I havent used Maptool much beyond downloading, but I'm assuming the image files Eugene has put together in the fantasygrounds file would fit the bill?  I think if you change the .mod extension to a .zip and unpack, you should be able to get to the images directory and look at the maps he has converted.


----------



## liggetar (Jul 10, 2010)

I can vouch for using Eugene's Fantasy Grounds maps in Maptool.  This is what I use for my games, and it works like a charm (saves me a ton of time!)


----------



## Dracomaxis (Jul 10, 2010)

Any specific method of converting the files or any file path to just get into the map files of the fantasy grounds mod?


----------



## liggetar (Jul 10, 2010)

Here's the thread where Eugene explains it so well - I figure it's easier than reinventing the wheel:

http://www.enworld.org/forum/war-burning-sky/272630-unmarked-battlemaps-please.html


----------



## Dracomaxis (Jul 11, 2010)

liggetar said:


> I can vouch for using Eugene's Fantasy Grounds maps in Maptool. This is what I use for my games, and it works like a charm (saves me a ton of time!)
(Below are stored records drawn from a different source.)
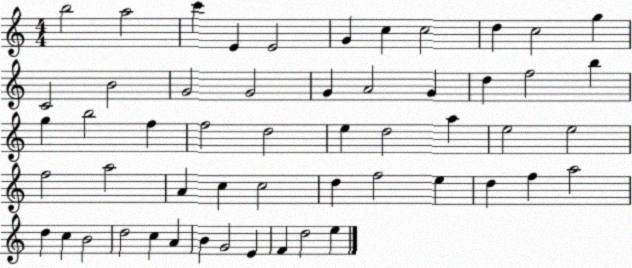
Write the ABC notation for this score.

X:1
T:Untitled
M:4/4
L:1/4
K:C
b2 a2 c' E E2 G c c2 d c2 g C2 B2 G2 G2 G A2 G d f2 b g b2 f f2 d2 e d2 a e2 e2 f2 a2 A c c2 d f2 e d f a2 d c B2 d2 c A B G2 E F d2 e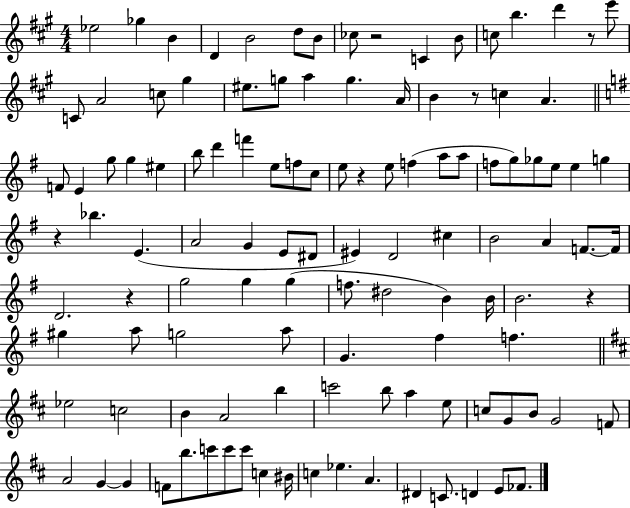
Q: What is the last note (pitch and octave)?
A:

If I may, what do you do for the larger maps like the pub and the farmhouse? For some reason I can't actually get the squares alligned so that my players don't have to use free move to get their characters in a square, the jpg's that were supplied to use from the site have perfect diameters and resize perfectly but those that are more rectangular are more of a hassle. Any specific program?


----------



## EugeneZ (Jul 11, 2010)

Those maps weren't normalized properly, is my guess. I didn't normalize most of the maps from the first module. I really should do that. Since I'm short on time these days and converting Tears is my priority at the moment, I'll try to briefly explain the normalization process.

Step 1) Use any software with a ruler to measure an arbitrary number of squares in either direction. The more the better, but they must be full squares. So, for example, measure the exact number of pixels from the bottom of the lowest possible square to the top of the highest possible square. Ignore squares that are cut off. Only count pixels in one dimension, either x or y.
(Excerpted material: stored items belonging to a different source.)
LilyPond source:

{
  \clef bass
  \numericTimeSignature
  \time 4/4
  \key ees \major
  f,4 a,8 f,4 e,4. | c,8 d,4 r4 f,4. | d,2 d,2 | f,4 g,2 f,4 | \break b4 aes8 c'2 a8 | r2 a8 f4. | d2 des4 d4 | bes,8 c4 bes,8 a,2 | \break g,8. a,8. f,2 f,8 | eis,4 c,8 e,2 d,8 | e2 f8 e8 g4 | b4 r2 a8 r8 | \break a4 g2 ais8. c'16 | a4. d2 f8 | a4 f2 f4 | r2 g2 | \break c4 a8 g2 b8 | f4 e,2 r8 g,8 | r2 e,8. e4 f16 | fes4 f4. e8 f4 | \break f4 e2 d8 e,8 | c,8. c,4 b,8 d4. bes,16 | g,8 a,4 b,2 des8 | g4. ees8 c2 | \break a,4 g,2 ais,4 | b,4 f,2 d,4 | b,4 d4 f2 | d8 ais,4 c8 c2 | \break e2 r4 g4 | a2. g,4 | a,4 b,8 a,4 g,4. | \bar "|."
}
Step 2) Count the number of physical squares that you just measured the length of. At this point, you should have something like this: 943 pixels = 35 squares. This number gives you the current "zoom level" of the map. Divide the number of pixels by the number of squares to give you the zoom level: 943/35 ~= 26.943. The more decimal places you keep, the more accurate the final result is, so don't just round to the nearest integer.

Step 3) Using the same dimension you used for the length count, get the image's TOTAL length in that dimension. In the example above, I measured the y (top-to-bottom) dimension of most of the squares on the map, but I didn't count a few obscured squares at the top because I couldn't tell where one square ended and the next began. The bottom-most square was also not counted because it was cut off. So the height of this image was 1200.

Step 4) Divide the total height by the zoom level you obtained earlier. This gives you the total number of squares the image REALLY has. In my example, I would do: 1200/26.943 = 44.538. My image has 44 and a half real squares.

Step 5) Decide what zoom level you want to normalize the map to. I always use 50px. Multiply the result of Step 4 by this number. So 44.538 x 50 = 2226.9235.

Step 6) Resize the image. Make sure your editor's "Maintain aspect ratio" option is enabled. Change the value of whatever dimension you were using to the result of step 5. I was using y, so I'm changing the height of the image to 2227. This time you have to round to the nearest integer. Hit OK, and the software will resize the image. Every square will be exactly 50px, or close enough that maptools won't be able to tell the difference.


----------